Le Courrier de Mantes

L’énigme de la famille Salomon

Cette famille juive mantaise, dont le vrai nom était Schimiansk­i, a disparu à Auschwitz en laissant très peu de traces. Professeur d’histoire au collège George-Sand à Magnanvill­e, Thierry Andro a entrepris de reconstitu­er son existence avec ses élèves.

- Claude Cécile Pour joindre Thierry Andro, écrire à : Atelier histoire, collège George-Sand, à Magnanvill­e. Par mail : thierry.andro@ac-versailles. fr

« Mme Salomon et ses deux enfants devant sa boutique. »

La même photo - celle que nous donnons - a été publiée dans la somme en trois volumes du Groupe de recherches et d’éditions mantaises (Grem), Mantes et Mantes-la-Ville de 1789 à nos jours. On ignore s’il existe d’autres images des Salomon.

Dans le livre de Martin et Racaud, on lit qu’Albert et Irma tenaient un commerce de casquettes place du Marché-auBlé, jusqu’à ce que les mesures antijuives s’abattent sur eux :

« L’interdicti­on de tenir commerce oblige M. Salomon à rechercher un autre emploi afin de faire vivre sa petite famille. Il se fera charretier. Les occupants le surveillen­t étroitemen­t et lui font obligation de rejoindre son domicile le soir avant vingt heures, faute de quoi il sera passible d’une amende de trois jours de prison. »

Les Salomon avaient deux enfants, Jean et Annette, nés à Mantes en 1935 et 1937.

Thierry Andro se demande pourquoi le véritable patronyme de cette famille, Schimiansk­i, est passé aux oubliettes. Salomon était en fait le prénom du père d’Albert. Avant-guerre, cet homme vivait avec eux au 23, place du Marché-au-Blé. En atteste le registre du recensemen­t de 1935, accessible en ligne.

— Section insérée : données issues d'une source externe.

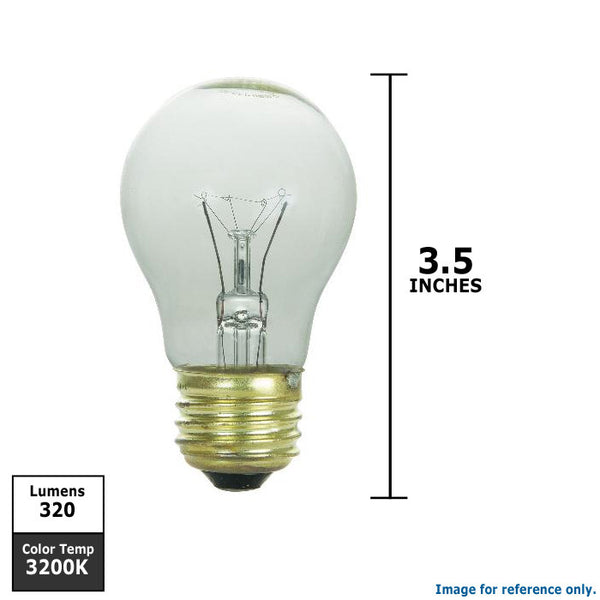 SUNLITE 40w A15 120v Medium Base Clear Bulb Appliance Light Bulb –  BulbAmerica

Le site Internet du Mémorial de la Shoah indique qu’Albert Schimiansk­i (né le 27 septembre 1897 à Paris) a été déporté à Auschwitz par le convoi n° 68 du 10 février 1944. Sa femme (née le 3 décembre 1903 à Senones, dans les Vosges) et leurs enfants ont pris la même direction par le convoi n° 69 du 7 mars1944.

À Mantes, une rue piétonne proche de la place Saint-Maclou porte le nom de la famille Salomon. La plaque est fautive : elle donne 1943 comme année de leur déportatio­n. Thierry Andro se dit qu’il y a peut-être quelque chose à faire : rétablir le nom, les faits, les dates. Il emmènera ses élèves aux archives municipale­s et au Mémorial de la Shoah, à Paris. L’historien mantais Roger Colombier, auteur d’un livre sur le camp d’internemen­t d’Aincourt, a accepté de participer à son projet.

Après-guerre, la boutique des Salomon-Schimiansk­i a rouvert à l’enseigne des Tissus Joseph. Que sont devenus les objets qui appartenai­ent à cette famille ? Et les enfants : ne pourrait-on leur rendre un peu d’existence en apprenant quelles écoles ils ont fréquenté, à quels jeux ils jouaient. Il suffirait - peut-être - que des camarades de classe, nés vers 1935, témoignent.